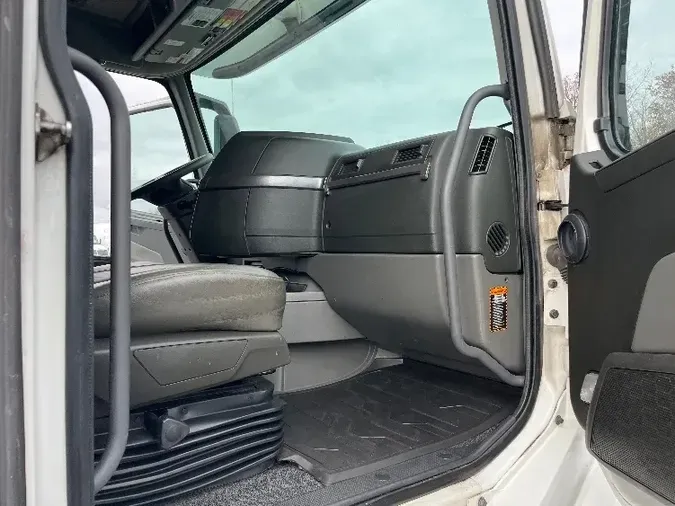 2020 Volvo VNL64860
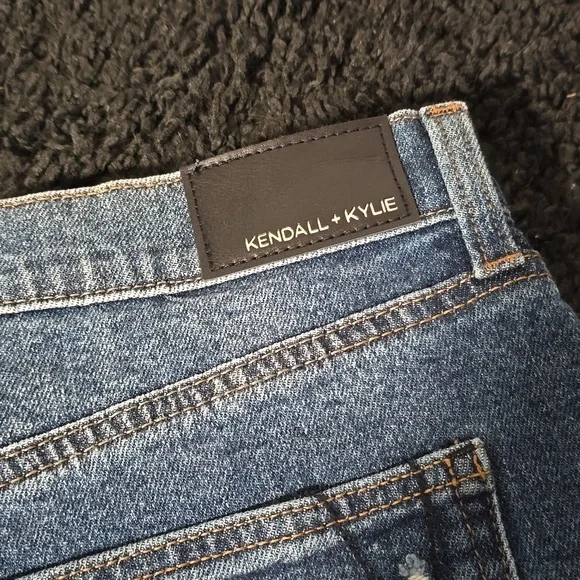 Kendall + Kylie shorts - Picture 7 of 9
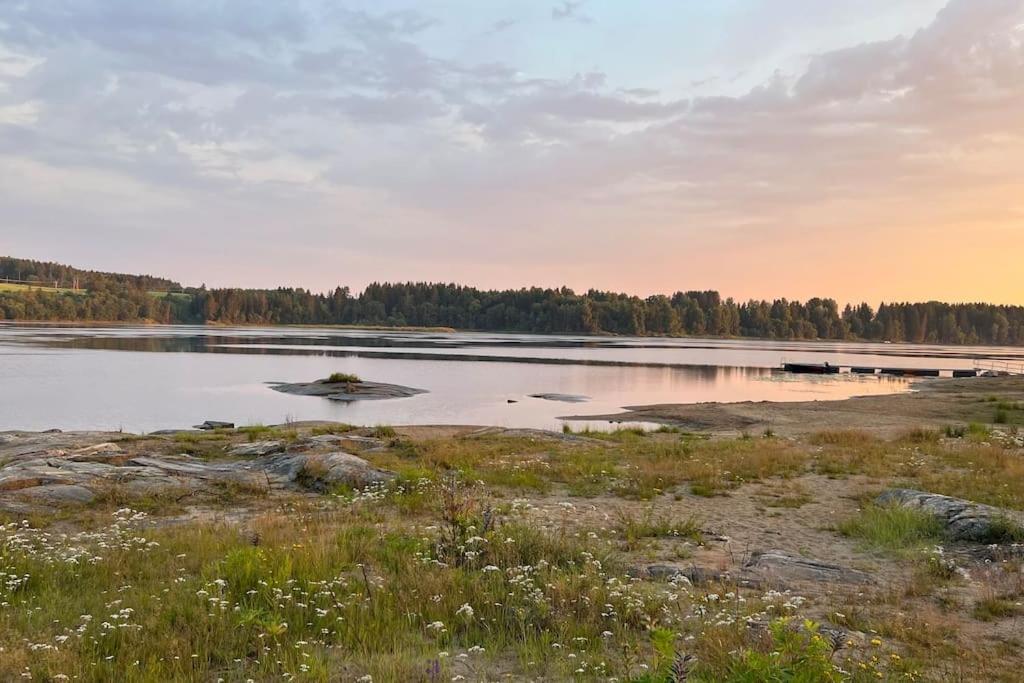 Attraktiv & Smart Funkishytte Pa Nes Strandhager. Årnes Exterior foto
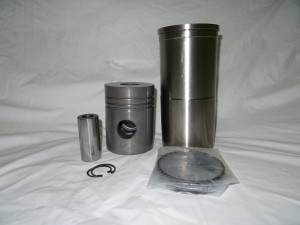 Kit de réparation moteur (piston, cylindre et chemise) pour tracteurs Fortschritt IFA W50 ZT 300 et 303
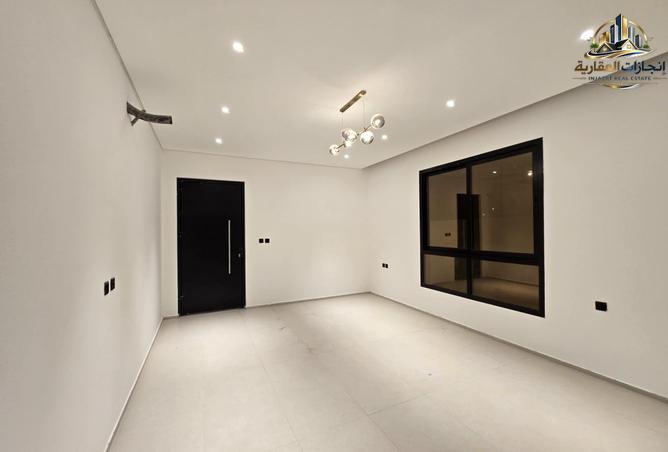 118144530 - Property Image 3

To do:
Set down again, exactly, the lines from the one with "Attraktiv & Smart" to the last line of the data, both included and pictures excluded.

Written solution:
 Attraktiv & Smart Funkishytte Pa Nes Strandhager. Årnes Exterior foto
 Kit de réparation moteur (piston, cylindre et chemise) pour tracteurs Fortschritt IFA W50 ZT 300 et 303
 118144530 - Property Image 3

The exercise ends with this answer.